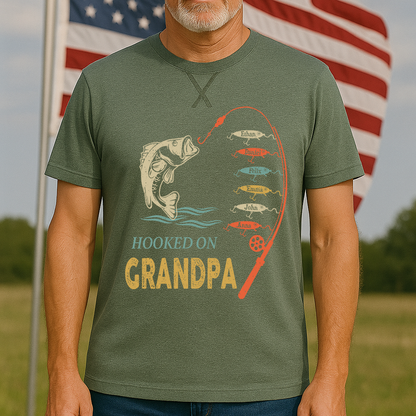 Personalized Hooked On Grandpa And Grandkids vintage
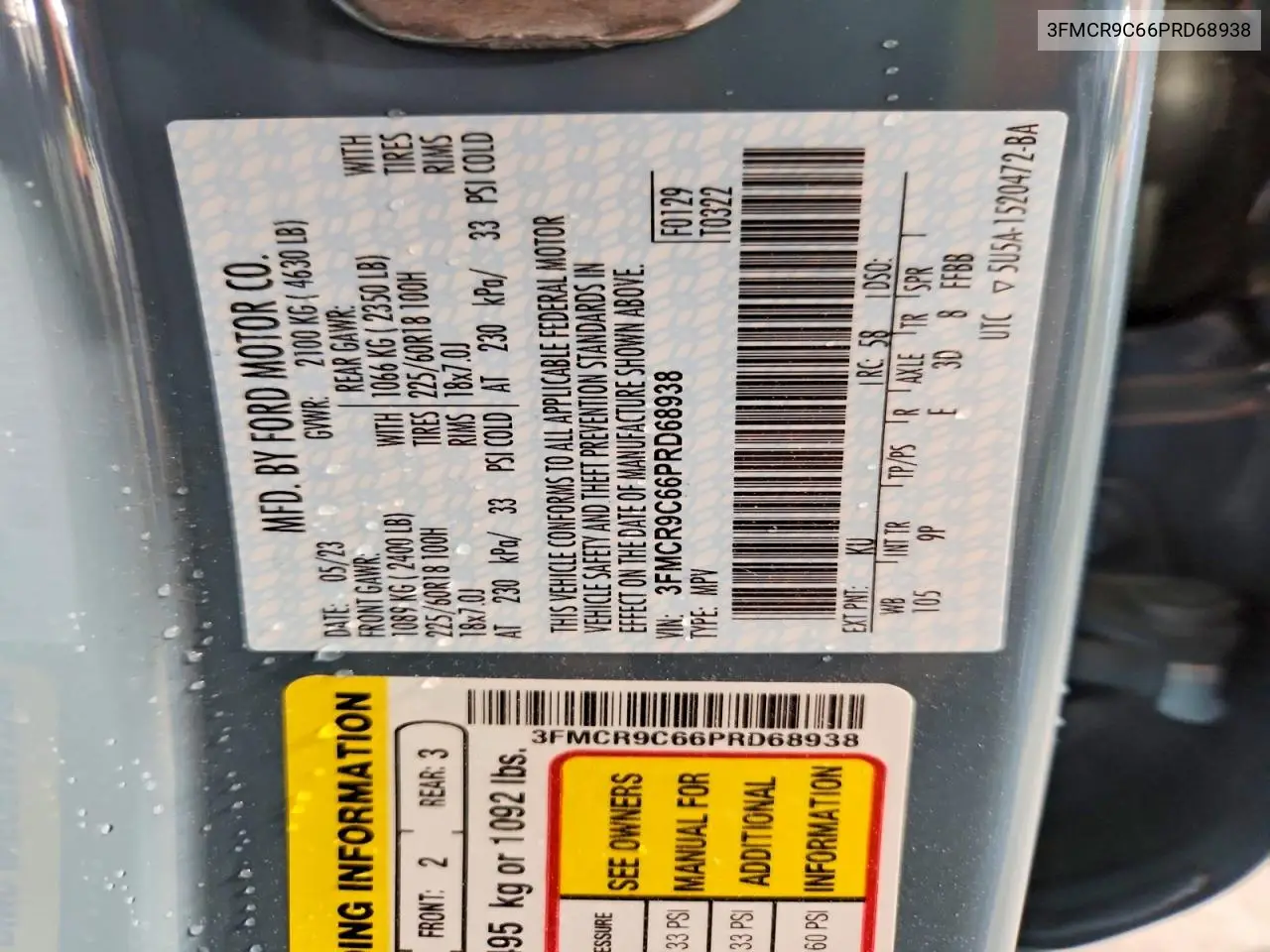 2023 Ford Bronco Sport Outer Banks VIN: 3FMCR9C66PRD68938 Lot: 58019236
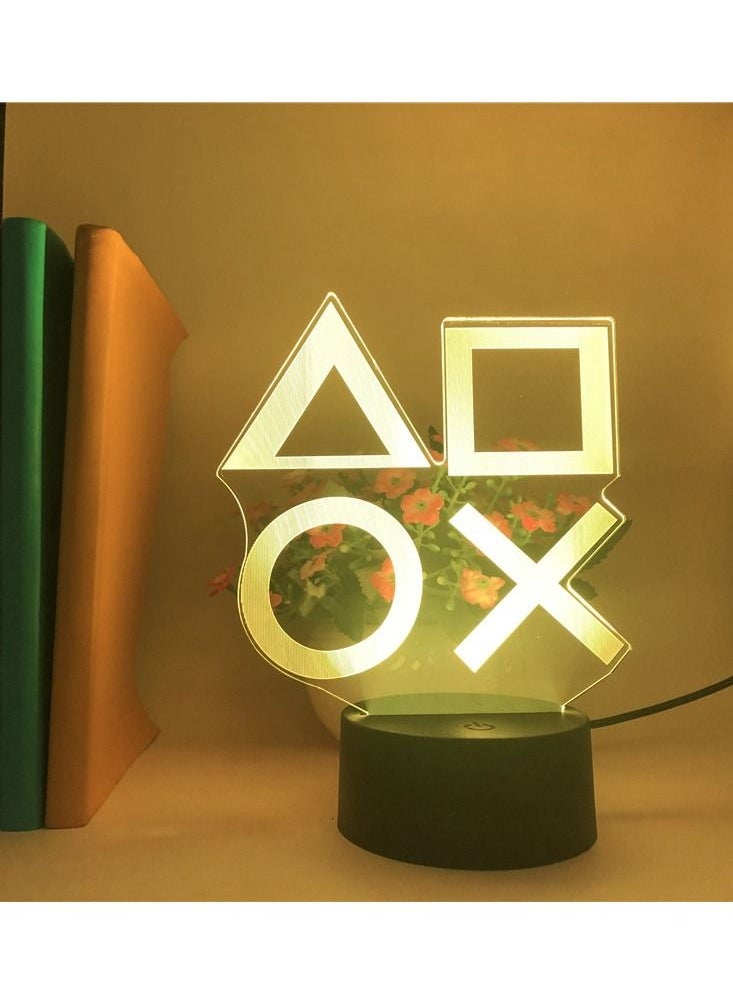 Intag - LED Game Icon 3D LED RGB Optical Illusion Night Lamp Desk Decoration Backlight - Image 1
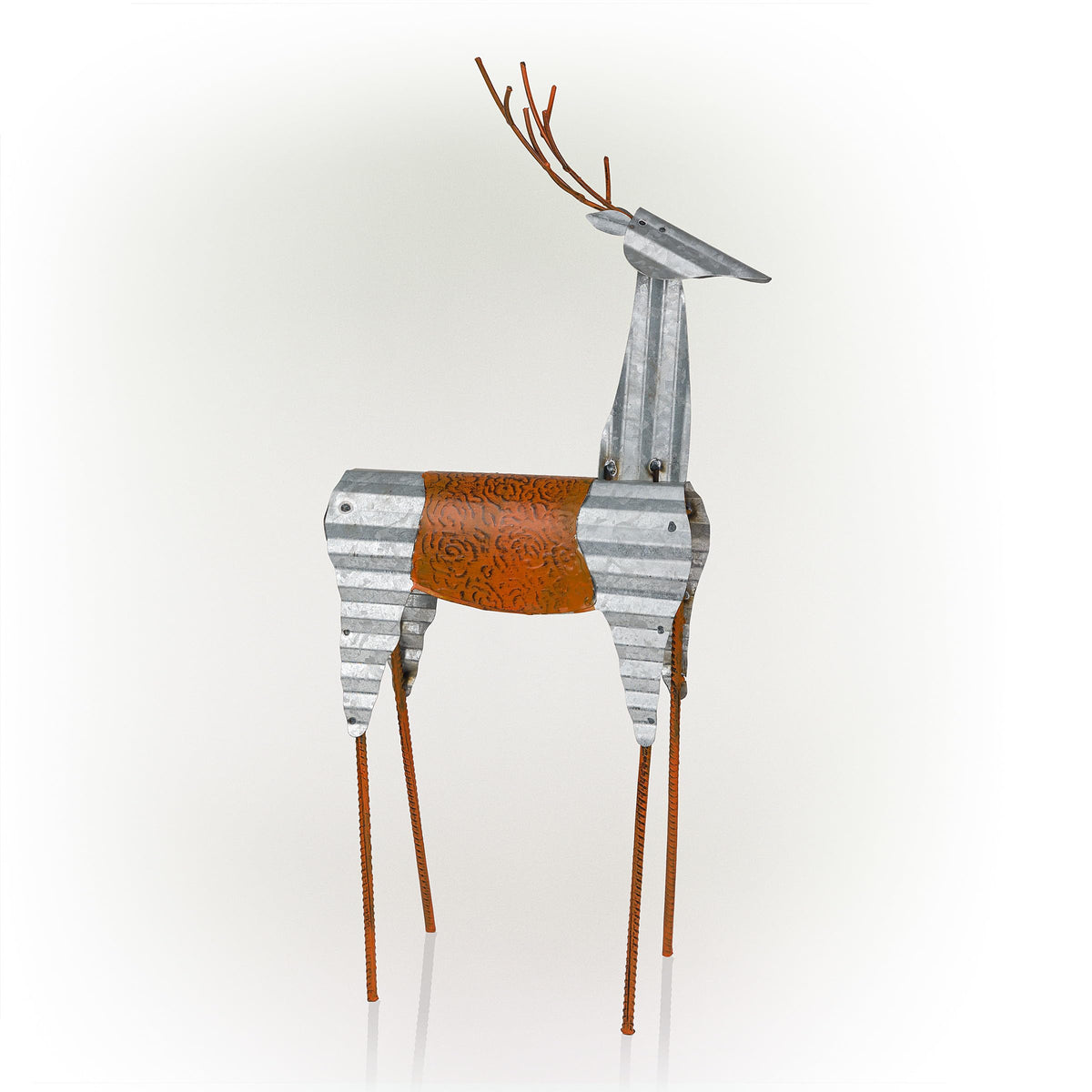 Alpine Corporation 30" H Outdoor Metal Rustic Standing Reindeer Lawn Christmas Holiday Decoration, Christmas Decoration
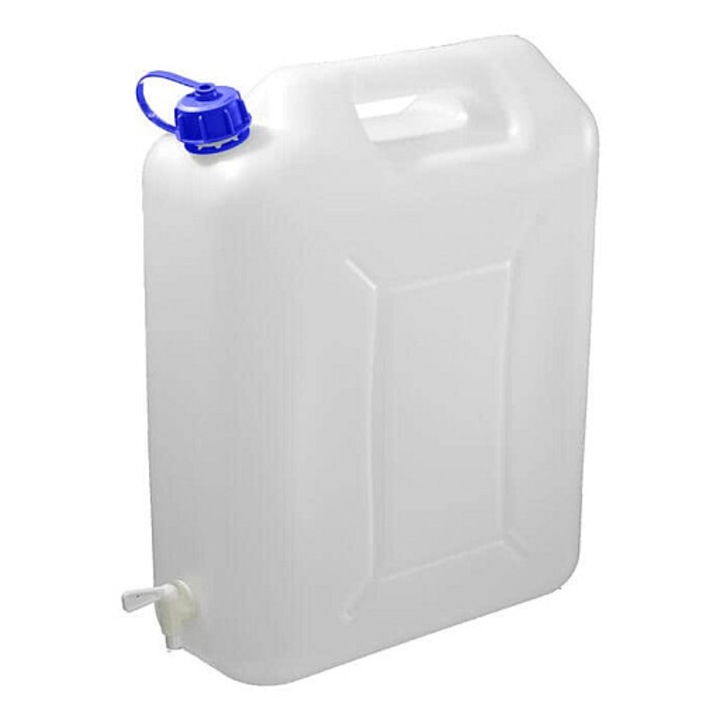 Canistra/recipient Mat PH, cu robinet detasabil, din plastic rezistent, pentru industria alimentara, alb translucid, 20 l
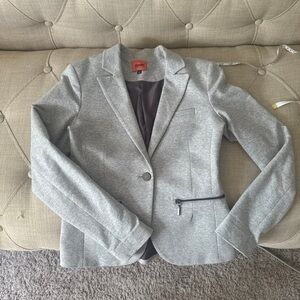 Blazer by Bershka Work/Weekend vibes Size Medium  One-button Gray Zip Pockets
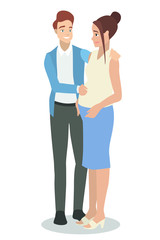 A young white guy touches a pregnant girl by the belly. Ideal for social advertising and presentations.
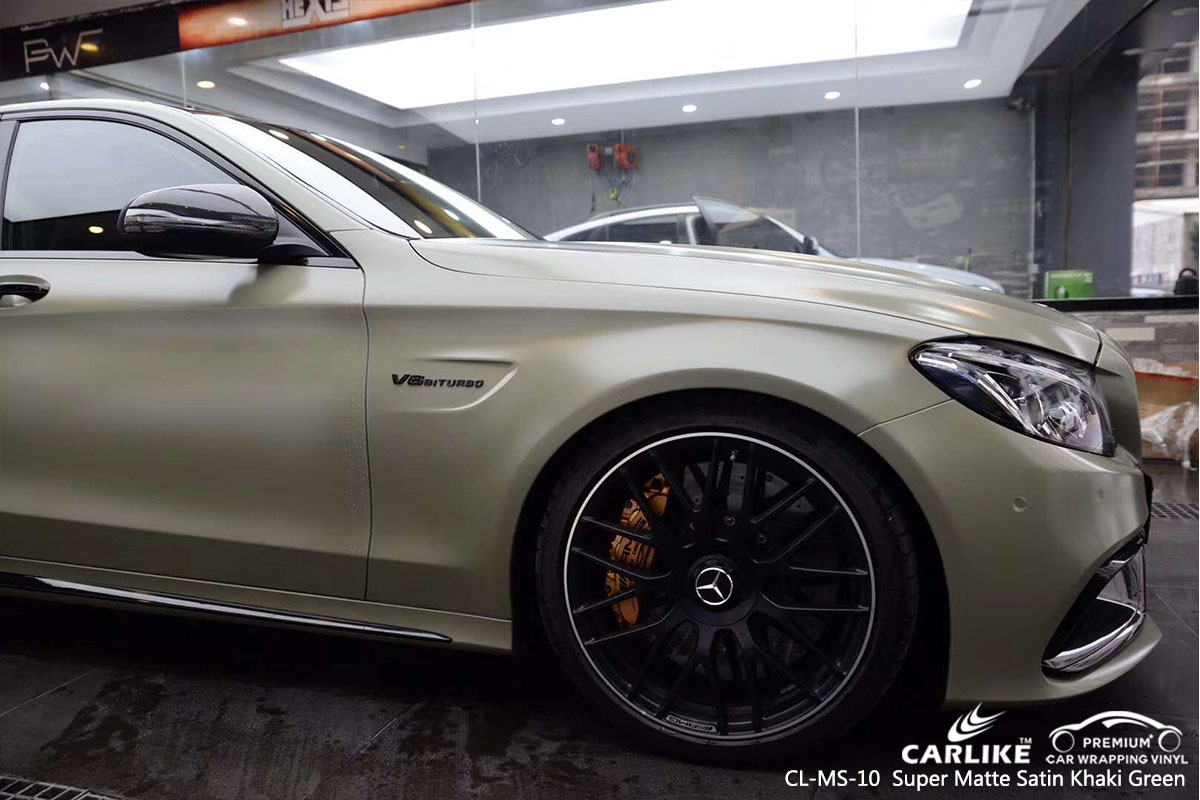 CARLIKE CL-MS-10 super matte satin khaki green car wrap vinyl for Mercedes-Benz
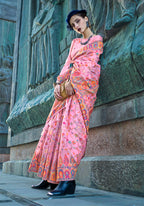 Monjolika Fashion Baby Pink Color Kashmiri Organza Pashmina Silk Saree With Blouse | Grocsy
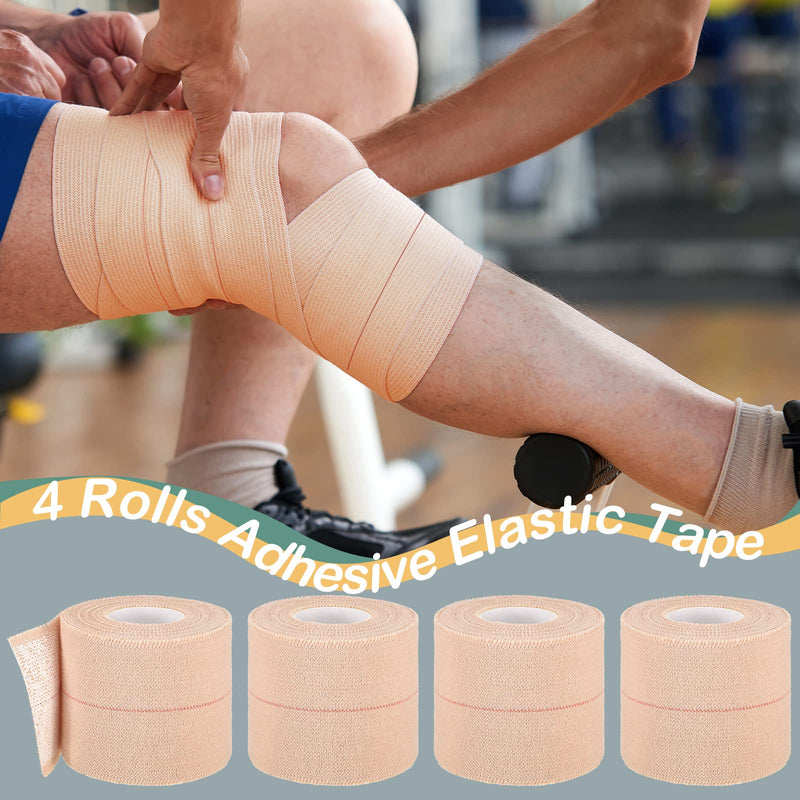BBTO 4 Rolls Elastic Tape Adhesive Elastic Tape Self Adhesive Bandage Wrap Flexible Stretch Bandages for Sports Ankle, Knee and Wrist Sprains Animal Pets, 5 Yard(2 Inch in Width) 2 Inch in Width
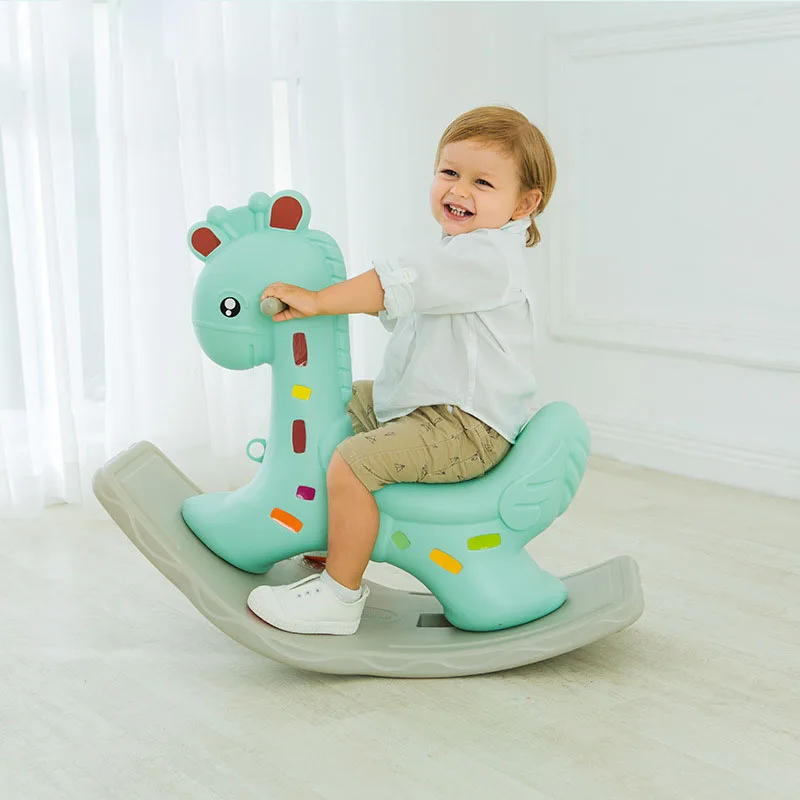 Детское кресло-качалка, детские пластиковые игрушки с музыкальной качалкой, лошадка-качалка для детей, качалка для детей 0-3 лет - Цвет: Зеленый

————————

**TASK TO COMPLETE:**
Everything above except the pictures needs to be reproduced exactly.

**TASK RESPONSE:**
 Personalized Hooked On Grandpa And Grandkids vintage
 2023 Ford Bronco Sport Outer Banks VIN: 3FMCR9C66PRD68938 Lot: 58019236
 Intag - LED Game Icon 3D LED RGB Optical Illusion Night Lamp Desk Decoration Backlight - Image 1
 Alpine Corporation 30" H Outdoor Metal Rustic Standing Reindeer Lawn Christmas Holiday Decoration, Christmas Decoration
 Canistra/recipient Mat PH, cu robinet detasabil, din plastic rezistent, pentru industria alimentara, alb translucid, 20 l
 Blazer by Bershka Work/Weekend vibes Size Medium  One-button Gray Zip Pockets
 A young white guy touches a pregnant girl by the belly. Ideal for social advertising and presentations.
 CARLIKE CL-MS-10 super matte satin khaki green car wrap vinyl for Mercedes-Benz
 Monjolika Fashion Baby Pink Color Kashmiri Organza Pashmina Silk Saree With Blouse | Grocsy
BBTO 4 Rolls Elastic Tape Adhesive Elastic Tape Self Adhesive Bandage Wrap Flexible Stretch Bandages for Sports Ankle, Knee and Wrist Sprains Animal Pets, 5 Yard(2 Inch in Width) 2 Inch in Width
 Детское кресло-качалка, детские пластиковые игрушки с музыкальной качалкой, лошадка-качалка для детей, качалка для детей 0-3 лет - Цвет: Зеленый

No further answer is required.